** Opening Input data block **

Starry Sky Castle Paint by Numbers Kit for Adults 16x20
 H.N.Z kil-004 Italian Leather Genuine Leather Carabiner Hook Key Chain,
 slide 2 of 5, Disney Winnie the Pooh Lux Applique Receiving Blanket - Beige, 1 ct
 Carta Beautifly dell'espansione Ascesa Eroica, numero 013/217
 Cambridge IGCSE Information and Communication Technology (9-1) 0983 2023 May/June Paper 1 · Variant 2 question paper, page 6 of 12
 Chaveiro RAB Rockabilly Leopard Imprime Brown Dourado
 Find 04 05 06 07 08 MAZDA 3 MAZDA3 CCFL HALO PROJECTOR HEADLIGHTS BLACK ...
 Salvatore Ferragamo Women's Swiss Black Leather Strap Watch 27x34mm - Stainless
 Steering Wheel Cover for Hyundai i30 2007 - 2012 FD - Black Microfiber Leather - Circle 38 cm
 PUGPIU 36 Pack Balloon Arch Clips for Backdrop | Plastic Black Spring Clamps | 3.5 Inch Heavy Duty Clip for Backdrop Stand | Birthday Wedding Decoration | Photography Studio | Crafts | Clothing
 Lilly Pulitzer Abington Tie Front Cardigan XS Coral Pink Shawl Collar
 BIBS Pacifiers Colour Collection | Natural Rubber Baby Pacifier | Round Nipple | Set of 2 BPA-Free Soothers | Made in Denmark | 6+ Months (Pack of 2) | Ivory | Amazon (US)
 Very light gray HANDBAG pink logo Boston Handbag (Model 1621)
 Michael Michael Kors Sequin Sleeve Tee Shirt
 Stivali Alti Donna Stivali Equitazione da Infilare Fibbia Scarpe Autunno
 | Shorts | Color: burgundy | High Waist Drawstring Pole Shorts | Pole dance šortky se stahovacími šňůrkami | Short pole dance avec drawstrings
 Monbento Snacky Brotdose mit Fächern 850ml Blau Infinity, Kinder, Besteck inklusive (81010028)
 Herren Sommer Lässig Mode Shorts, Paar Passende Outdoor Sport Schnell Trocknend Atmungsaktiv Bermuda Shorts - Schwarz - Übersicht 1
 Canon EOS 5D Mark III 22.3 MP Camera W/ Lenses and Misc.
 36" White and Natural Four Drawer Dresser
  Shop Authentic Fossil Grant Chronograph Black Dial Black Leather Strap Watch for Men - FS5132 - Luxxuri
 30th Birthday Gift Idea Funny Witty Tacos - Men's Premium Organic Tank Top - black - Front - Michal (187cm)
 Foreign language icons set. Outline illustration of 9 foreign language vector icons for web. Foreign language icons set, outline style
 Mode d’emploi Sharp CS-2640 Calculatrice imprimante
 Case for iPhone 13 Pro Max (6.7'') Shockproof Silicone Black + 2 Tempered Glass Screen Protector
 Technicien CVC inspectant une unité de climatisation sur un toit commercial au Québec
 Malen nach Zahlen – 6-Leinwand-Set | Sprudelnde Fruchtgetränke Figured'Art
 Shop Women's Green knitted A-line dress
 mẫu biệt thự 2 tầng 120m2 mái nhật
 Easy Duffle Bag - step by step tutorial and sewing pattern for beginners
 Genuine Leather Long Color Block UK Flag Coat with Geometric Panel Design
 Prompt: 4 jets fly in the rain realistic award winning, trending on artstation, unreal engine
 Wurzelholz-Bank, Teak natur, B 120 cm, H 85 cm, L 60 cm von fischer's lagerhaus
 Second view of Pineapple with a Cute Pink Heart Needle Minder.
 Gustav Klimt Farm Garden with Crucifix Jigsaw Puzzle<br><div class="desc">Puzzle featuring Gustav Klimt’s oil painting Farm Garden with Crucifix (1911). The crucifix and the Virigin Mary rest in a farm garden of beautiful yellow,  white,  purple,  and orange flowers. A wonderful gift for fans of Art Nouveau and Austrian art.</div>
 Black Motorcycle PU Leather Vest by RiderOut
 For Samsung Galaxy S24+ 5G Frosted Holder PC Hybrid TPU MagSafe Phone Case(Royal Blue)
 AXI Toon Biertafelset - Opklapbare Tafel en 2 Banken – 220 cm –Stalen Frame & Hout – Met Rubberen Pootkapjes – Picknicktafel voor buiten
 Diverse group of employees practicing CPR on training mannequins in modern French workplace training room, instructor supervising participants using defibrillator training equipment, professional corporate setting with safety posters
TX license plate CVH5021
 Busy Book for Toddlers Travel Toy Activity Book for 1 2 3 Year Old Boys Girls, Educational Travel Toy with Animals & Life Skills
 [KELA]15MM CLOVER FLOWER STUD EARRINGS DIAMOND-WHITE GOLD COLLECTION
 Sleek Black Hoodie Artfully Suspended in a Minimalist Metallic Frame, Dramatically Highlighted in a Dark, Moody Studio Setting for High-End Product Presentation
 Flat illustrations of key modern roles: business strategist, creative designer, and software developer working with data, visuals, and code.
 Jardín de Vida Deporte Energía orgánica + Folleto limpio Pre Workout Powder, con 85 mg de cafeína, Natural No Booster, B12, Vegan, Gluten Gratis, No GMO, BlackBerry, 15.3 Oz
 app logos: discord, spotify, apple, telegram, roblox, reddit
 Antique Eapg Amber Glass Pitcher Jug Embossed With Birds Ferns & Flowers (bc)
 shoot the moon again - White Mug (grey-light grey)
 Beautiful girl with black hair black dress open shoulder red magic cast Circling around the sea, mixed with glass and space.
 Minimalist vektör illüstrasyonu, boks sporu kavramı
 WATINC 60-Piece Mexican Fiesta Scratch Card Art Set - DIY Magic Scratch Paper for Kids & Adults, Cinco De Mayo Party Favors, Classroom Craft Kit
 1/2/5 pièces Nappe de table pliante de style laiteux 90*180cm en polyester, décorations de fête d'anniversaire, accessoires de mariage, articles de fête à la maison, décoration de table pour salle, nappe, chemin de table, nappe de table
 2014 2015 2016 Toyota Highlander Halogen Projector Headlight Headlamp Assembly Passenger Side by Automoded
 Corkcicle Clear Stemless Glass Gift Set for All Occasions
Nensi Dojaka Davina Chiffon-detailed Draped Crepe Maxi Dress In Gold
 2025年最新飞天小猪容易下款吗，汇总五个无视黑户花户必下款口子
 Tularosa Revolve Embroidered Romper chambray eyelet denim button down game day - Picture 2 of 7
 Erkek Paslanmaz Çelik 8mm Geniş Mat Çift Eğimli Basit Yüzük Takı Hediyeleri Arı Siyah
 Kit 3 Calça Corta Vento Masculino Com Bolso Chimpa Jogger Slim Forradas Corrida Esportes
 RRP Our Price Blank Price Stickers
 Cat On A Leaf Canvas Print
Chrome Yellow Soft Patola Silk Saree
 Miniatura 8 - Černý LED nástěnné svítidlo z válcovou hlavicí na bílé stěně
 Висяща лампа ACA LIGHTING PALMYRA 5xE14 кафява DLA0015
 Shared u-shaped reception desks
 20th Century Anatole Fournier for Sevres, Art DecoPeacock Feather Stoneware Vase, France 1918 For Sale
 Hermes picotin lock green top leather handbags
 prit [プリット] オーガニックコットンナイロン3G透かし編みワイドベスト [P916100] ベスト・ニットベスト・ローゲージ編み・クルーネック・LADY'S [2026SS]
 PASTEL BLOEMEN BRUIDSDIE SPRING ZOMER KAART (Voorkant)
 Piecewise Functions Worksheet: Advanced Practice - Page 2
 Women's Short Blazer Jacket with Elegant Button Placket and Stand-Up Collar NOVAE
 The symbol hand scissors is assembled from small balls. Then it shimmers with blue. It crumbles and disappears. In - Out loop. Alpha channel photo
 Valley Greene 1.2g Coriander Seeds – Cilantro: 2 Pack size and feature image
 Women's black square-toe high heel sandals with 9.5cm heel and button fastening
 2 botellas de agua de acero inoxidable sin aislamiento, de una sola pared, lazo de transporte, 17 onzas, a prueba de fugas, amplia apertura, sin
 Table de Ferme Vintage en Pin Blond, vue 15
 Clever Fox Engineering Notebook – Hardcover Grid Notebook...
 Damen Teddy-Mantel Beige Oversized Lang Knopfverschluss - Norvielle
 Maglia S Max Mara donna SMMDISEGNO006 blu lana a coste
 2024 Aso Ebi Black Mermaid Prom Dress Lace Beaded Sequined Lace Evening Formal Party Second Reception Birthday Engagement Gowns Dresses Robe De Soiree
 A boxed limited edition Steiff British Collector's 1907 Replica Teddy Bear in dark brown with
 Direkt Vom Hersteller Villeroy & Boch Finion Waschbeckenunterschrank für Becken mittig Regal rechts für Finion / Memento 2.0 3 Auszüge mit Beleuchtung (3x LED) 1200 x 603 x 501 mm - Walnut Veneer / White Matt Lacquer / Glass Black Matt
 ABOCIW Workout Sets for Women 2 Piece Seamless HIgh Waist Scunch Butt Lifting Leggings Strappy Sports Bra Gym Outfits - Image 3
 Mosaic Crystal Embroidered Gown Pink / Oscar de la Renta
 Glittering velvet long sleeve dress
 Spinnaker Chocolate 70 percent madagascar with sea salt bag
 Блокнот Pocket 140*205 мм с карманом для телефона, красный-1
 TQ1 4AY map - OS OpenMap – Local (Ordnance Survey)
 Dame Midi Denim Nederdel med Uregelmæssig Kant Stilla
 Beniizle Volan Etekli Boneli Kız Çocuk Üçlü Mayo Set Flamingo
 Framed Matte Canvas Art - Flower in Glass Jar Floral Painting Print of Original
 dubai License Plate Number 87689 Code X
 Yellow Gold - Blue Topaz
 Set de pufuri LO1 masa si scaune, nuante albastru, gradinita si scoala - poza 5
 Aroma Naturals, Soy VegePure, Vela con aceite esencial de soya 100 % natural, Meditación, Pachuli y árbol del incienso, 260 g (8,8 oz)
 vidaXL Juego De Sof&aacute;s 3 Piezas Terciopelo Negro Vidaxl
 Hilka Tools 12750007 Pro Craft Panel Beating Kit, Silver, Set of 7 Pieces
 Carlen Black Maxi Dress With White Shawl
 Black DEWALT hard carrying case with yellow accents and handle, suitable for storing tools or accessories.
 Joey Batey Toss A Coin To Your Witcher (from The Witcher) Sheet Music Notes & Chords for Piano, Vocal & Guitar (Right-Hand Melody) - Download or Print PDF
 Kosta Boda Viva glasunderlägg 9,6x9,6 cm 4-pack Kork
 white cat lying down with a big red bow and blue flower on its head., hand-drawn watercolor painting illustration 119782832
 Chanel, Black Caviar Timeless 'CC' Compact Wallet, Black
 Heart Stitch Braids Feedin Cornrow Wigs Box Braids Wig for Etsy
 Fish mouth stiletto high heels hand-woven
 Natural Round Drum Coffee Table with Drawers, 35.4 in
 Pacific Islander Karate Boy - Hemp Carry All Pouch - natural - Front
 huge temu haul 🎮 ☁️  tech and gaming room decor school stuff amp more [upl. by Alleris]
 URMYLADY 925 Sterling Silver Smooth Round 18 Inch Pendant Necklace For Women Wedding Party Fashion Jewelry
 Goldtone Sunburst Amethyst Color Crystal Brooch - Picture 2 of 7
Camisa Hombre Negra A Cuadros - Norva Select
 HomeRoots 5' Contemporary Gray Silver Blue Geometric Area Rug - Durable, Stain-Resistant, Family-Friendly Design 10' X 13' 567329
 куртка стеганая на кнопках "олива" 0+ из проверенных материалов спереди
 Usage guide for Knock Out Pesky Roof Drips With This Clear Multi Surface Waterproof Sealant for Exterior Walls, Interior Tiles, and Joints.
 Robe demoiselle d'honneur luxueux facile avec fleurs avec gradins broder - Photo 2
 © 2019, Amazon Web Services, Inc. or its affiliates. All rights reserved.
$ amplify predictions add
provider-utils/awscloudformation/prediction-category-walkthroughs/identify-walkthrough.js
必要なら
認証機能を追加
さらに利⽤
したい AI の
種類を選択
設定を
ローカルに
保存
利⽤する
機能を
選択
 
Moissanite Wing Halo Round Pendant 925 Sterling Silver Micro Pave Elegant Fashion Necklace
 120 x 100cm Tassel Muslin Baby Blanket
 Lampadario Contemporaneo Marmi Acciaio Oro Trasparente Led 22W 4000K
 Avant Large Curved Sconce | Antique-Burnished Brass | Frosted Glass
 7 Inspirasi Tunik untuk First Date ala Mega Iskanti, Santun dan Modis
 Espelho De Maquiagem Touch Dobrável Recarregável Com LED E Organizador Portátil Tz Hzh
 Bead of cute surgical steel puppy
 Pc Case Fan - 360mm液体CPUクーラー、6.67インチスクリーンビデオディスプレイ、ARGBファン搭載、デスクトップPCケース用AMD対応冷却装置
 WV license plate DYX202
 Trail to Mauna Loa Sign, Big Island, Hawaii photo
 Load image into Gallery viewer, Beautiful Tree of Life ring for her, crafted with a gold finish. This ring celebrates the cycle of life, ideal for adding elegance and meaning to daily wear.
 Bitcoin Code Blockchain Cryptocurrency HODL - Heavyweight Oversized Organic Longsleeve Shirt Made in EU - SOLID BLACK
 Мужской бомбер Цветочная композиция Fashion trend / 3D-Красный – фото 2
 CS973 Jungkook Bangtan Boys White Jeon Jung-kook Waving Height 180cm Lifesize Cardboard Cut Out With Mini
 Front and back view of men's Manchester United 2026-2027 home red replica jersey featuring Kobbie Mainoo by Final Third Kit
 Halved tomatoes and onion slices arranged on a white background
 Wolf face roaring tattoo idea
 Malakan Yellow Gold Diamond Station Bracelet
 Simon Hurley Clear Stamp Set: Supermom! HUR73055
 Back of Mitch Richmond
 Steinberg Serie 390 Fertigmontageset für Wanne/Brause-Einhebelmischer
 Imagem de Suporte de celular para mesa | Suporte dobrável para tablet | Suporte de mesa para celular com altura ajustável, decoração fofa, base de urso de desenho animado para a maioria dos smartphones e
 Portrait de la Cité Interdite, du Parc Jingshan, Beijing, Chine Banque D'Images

** Closing Input data block **

What is needed:
Every line of the material that includes the word "Mayo" needs to be copied.

Response box:
 WATINC 60-Piece Mexican Fiesta Scratch Card Art Set - DIY Magic Scratch Paper for Kids & Adults, Cinco De Mayo Party Favors, Classroom Craft Kit
 Beniizle Volan Etekli Boneli Kız Çocuk Üçlü Mayo Set Flamingo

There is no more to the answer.